About the Client
The client is one of India’s largest e-commerce platforms, with almost 40% of the market share, and over 100 billion registered users. They offer a huge category of retail and payment services, delivering seamless experiences to both sellers and customers on the portal.
The client’s annual calendar features a week-long mega sale, with offers and discounts on products across all categories. To make sure that the customers can get the best out of the sale days and every purchase is delivered without a hitch, their e-commerce portal needs to be available 24×7, with all systems working exactly as expected.
The goal for Qapitol QA was to perform Scaled Performance Testing, to ensure that the client’s systems can handle the huge volume of queries during the sales days.

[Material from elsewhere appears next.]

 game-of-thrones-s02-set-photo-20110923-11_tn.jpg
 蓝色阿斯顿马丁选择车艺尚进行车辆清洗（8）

The focus was on:
- Identifying the maximum load the system can handle at any given time
- Implement solutions to help the client systems handle increasing queries on the fly
- Checking query response times and working to bring that down to a minimum
The Qapitol QA team crafted a performance testing solution that focused on understanding the client’s current systems, test across a set of realistic scenarios to identify system vulnerabilities and create the necessary solutions to ensure robust performance.
Phase 1 – Planning & Preparation
The Qapitol QA team invested time in understanding the client’s current system capabilities and create a roadmap for performance testing and improvement.
Key tasks achieved during this phase were:
- Requirement gathering
- Have each of the teams – orders, payments, logistics, etc. – benchmark their system performance
- Identifying which systems are the most likely to be affected and overwhelmed by an increase in traffic
- Identify the kind of test data required and how to create or access that
The core testing solution involved using a combination of Locust load testing solution and Qapitol QA’s proprietary framework to test the system performance.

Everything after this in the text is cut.